Well, it's more like dozens or hundreds of DOM nodes. With three or more levels of looping.
How do you measure its performance?
With JavaScript alerts before and after all the looping.
With hundreds of nodes I could imagine XSLT might be faster, but I'd think JavaScript would be pretty fast too.
What browser are you using to measure performance? Chrome has some profiling tools that might help you figure out if you can make the JavaScript code fast enough.
What browser are you using to measure performance? Chrome has some profiling tools that might help you figure out if you can make the JavaScript code fast enough.
I'm using IE 8. The application is IE-only.
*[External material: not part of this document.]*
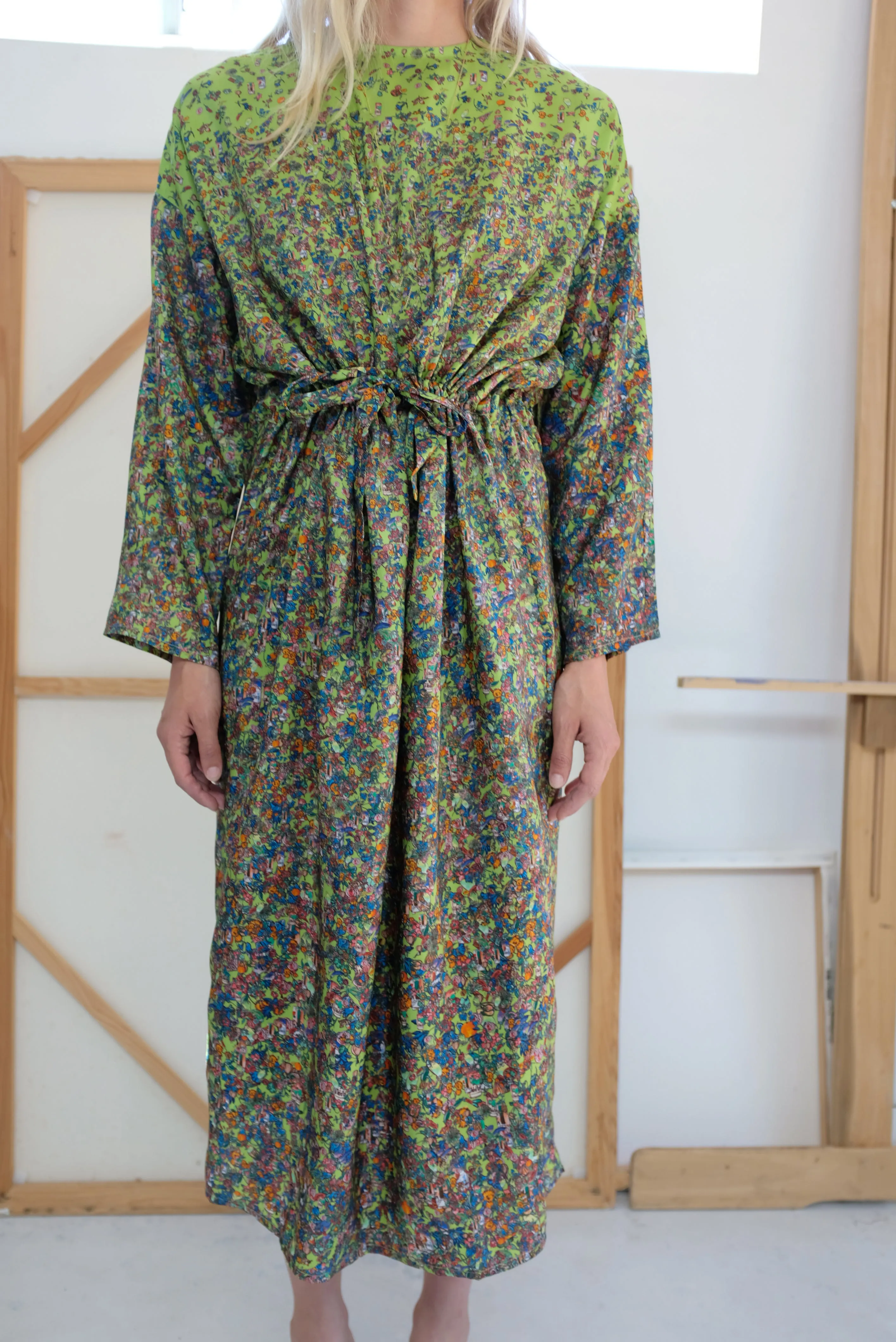 Anntian Silk Simple Dress Print H sold by Beklina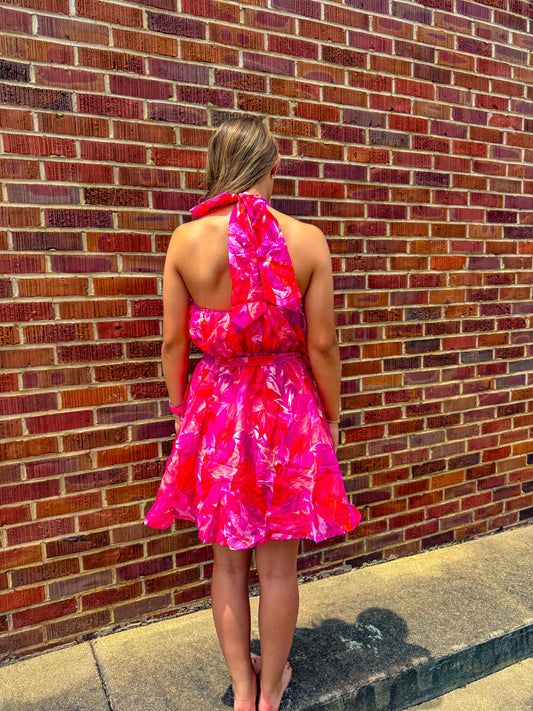 Hot Pink Bubble Dress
We've done a fair amount of JavaScript optimization already.
JavaScript on IE 9 is supposed to be faster (or was that 8?) but our client hasn't upgraded to IE 9 yet.
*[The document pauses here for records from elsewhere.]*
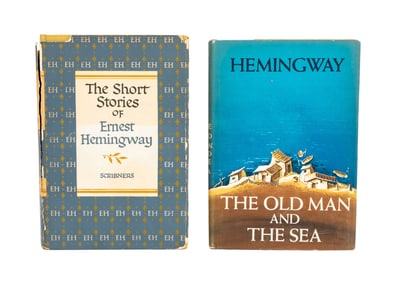 Ernest Hemingway Books, 1950s, 2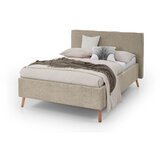 Meise Möbel Bež tapecirani bračni krevet s prostorom za odlaganje s podnicom 140x200 cm Riva – | shoptok.hr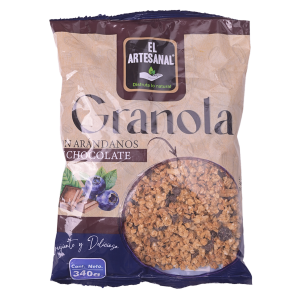 Granola Con Arándanos Y Chocolate EL ARTESANAL 340 G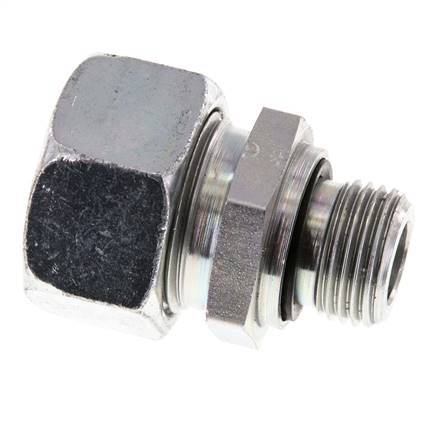 G 1/2'' Male x 22L Zinc plated Steel Straight Cutting Ring with FKM Seal 160 Bar DIN 2353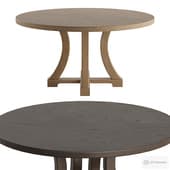 Genevieve Round Dining Table by rh.com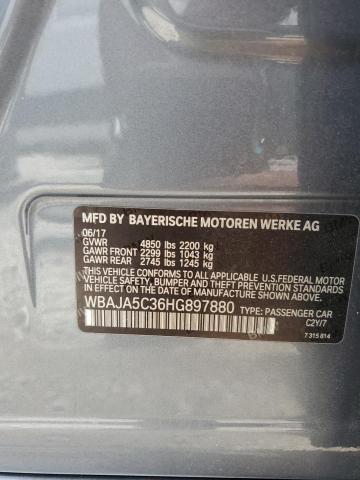 2017 BMW 530 I WBAJA5C36HG897880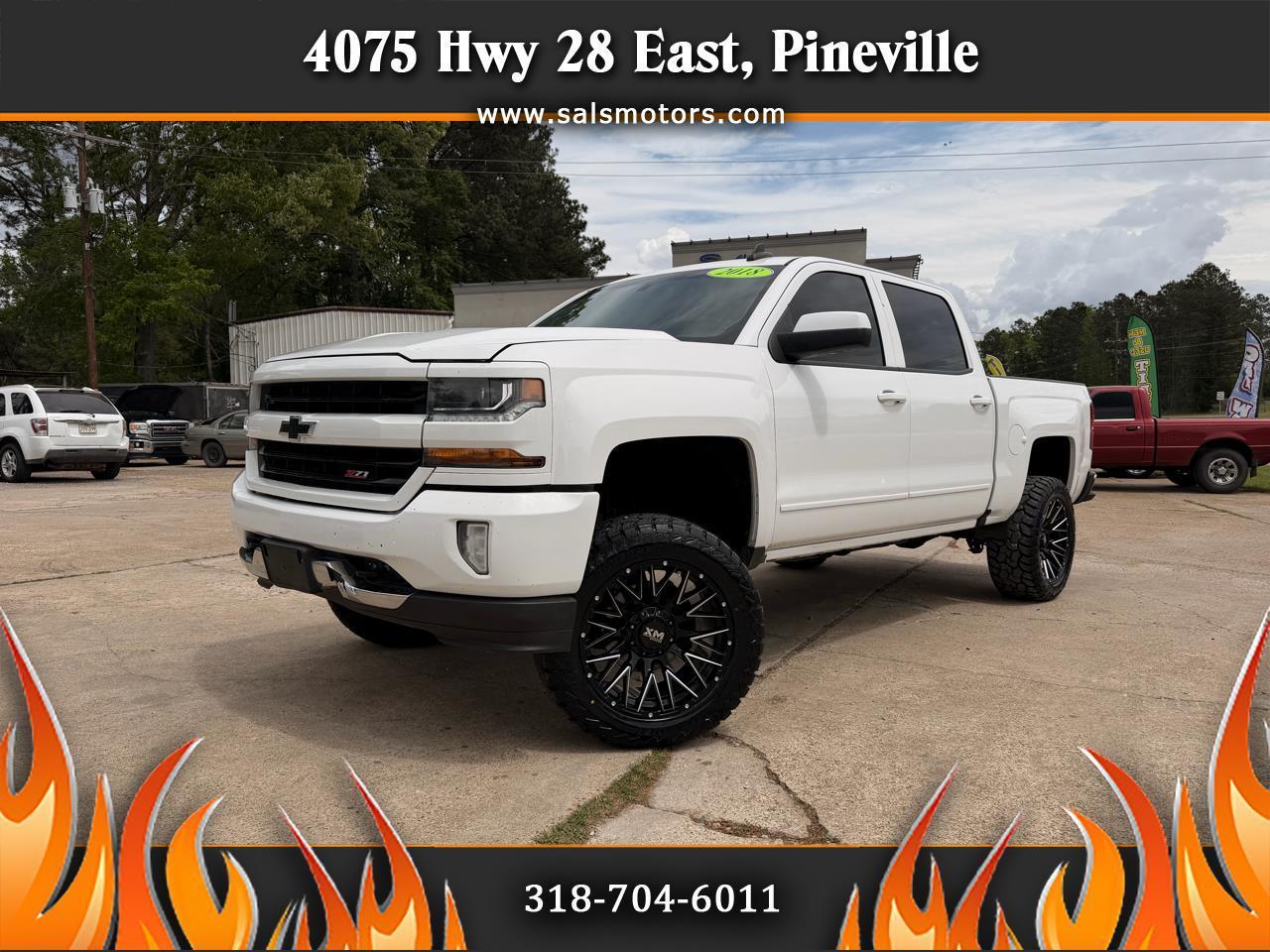 2018 Chevrolet Silverado 1500 4WD Crew Cab 143.5" LT w/2LT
IE 9 is supposed to have a better Javascript engine.
I'm afraid I don't know anything about XSLT.
Does the version of Javascript you're using have E4X? [link]
I'm afraid I don't know anything about XSLT.
Actually, I got the xsl transformations working. The problem I'm having is the result of an xsl transformation is not a JavaScript object but just text (XML, in this case.) So I pull the result into a DOM DocumentFragment and then I try to do an AppendChild of the DocumentFragment into a different XML object, but that doesn't work.
Does the version of Javascript you're using have E4X? [link]
That sounds cool. But it's not supported by IE.
(I don't know why the consultants who developed the application made it IE-only. I think the client told them that IE only was OK, so the consultants used a bunch of IE-only XML functionality.)
What are the symptoms of the failure?